Improving Seeq Performance with Slow Datasources

Overview

Seeq is designed to query your process data, wherever it happens to live: in a historian like OSIsoft PI, or via OPC-HDA, or in a SQL database, or anywhere else. Generally, Seeq is not the system of record, and Seeq will query the datasource for data in an on-demand fashion. If you query a signal from your historian in Seeq for June to August 2018, Seeq will fetch only the data that it needs, and won't touch data outside of the requested time range, unless it is required by a calculation. This means that your Seeq data (analyses, topics, and calculations) can only be prepared as quickly as the source database can provide it. Some datasources can be slow and result in a slow experience for Seeq users.

Types of Datasource Slowness

Here are some possible reasons a datasource might be slow:

High latency: This means that any request, large or small, will have a relatively high time to process. High latency is usually caused by there being a large distance between the Seeq server and the datasource, either geographically, or in network topology. If your data is stored in one continent and Seeq is running in another, each query will have a natural delay. A request sent to the other side of the world will take about 150ms at least, due to the speed of light. You must also account for the configuration of the network – VPNs, proxies, and other layers that can increase the latency.
Low throughput: When throughput is low, small requests may return relatively quickly, but larger requests will be slow, usually proportional to the amount of data being handled. This could be due to hardware (CPU, memory), network limitations, inefficient database design, or contention between Seeq and other consumers of the same data. Seeq is rarely the only user of a datasource. It may be serving multiple use-cases: recording production data, generating daily reports, and longer-term data science research or ad-hoc exploration.

Solutions

Datasource Caching

Caching is a valuable strategy for improving the performance of both high latency or low throughput datasources. Seeq will always cache the results of calculations (formulas, value searches, and so on) so they do not need to be computed repeatedly, but it will not cache "raw" data (e.g. from the historian) by default. You can turn it on for raw data as well – on a signal-by-signal basis or for a datasource as a whole.

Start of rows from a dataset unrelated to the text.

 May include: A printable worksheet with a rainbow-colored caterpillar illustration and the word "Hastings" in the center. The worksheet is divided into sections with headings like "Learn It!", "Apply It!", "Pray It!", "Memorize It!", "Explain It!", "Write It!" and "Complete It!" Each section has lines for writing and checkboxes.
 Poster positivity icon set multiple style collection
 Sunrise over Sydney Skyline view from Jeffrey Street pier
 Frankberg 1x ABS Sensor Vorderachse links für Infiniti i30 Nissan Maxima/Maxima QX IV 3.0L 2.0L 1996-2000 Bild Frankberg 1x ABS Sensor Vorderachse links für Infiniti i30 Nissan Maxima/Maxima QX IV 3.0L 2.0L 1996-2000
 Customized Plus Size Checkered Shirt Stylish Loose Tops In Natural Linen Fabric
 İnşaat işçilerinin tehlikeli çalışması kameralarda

There are some important considerations for using caching:

When caching is turned on for a datasource and/or a particular signal, then data fetched from the datasource will be written to Seeq's data folder so that it can be quickly read from that location if it is ever requested again. This is the main benefit.
Caching performance is largely dictated by the speed of the storage device that houses Seeq's data folder. Execute seeq diag info at the Seeq Command Line Interface to view information on the performance of the storage device.
If the data in the source database is changing such that older sample values are back-filled or re-stated, then caching would prevent those updates from appearing in Seeq. (You can always clear a signal's cache from Seeq Workbench using Advanced section of the Item Properties pane.)
Since data is being written to Seeq's data folder, you must make sure to provide adequate storage space to accommodate the data that users are requesting.
Version R53.0.0 and later
You can configure the maximum size of the series cache folder with the Cache/Persistent/Series/MaxSize configuration option. Cache entries will be automatically pruned in a first-in-first-out basis when the cache folder exceeds the configured size, given in GiB. More information on setting configuration can be found here: Configuring Seeq.

Remote Agent

If your datasource has high latency due to its location, perhaps being in a different part of the world, then a remote agent may be a good option. Sometimes when Seeq queries a datasource, it requires multiple round-trip messages over the network, due to a limit in the amount of data that can be fetched at one time. A remote agent can improve performance by making these repeated requests from a nearby location, where the network latency is lower. Additionally, requests between Seeq and remote agents will be compressed, lowering the amount of bandwidth used. The result is a faster experience for users of Seeq. Details on setting up a remote agent are available at Installing and Upgrading a Seeq Remote Agent.

Connection Request Timeout

If queries to your datasource sometimes take a very long time (minutes, hours, or more), you may find it valuable to adjust the Connection Request Timeout parameter. By default, requests to a datasource like PI or OPC-HDA have a time limit of one hour before Seeq will give up and cancel the request.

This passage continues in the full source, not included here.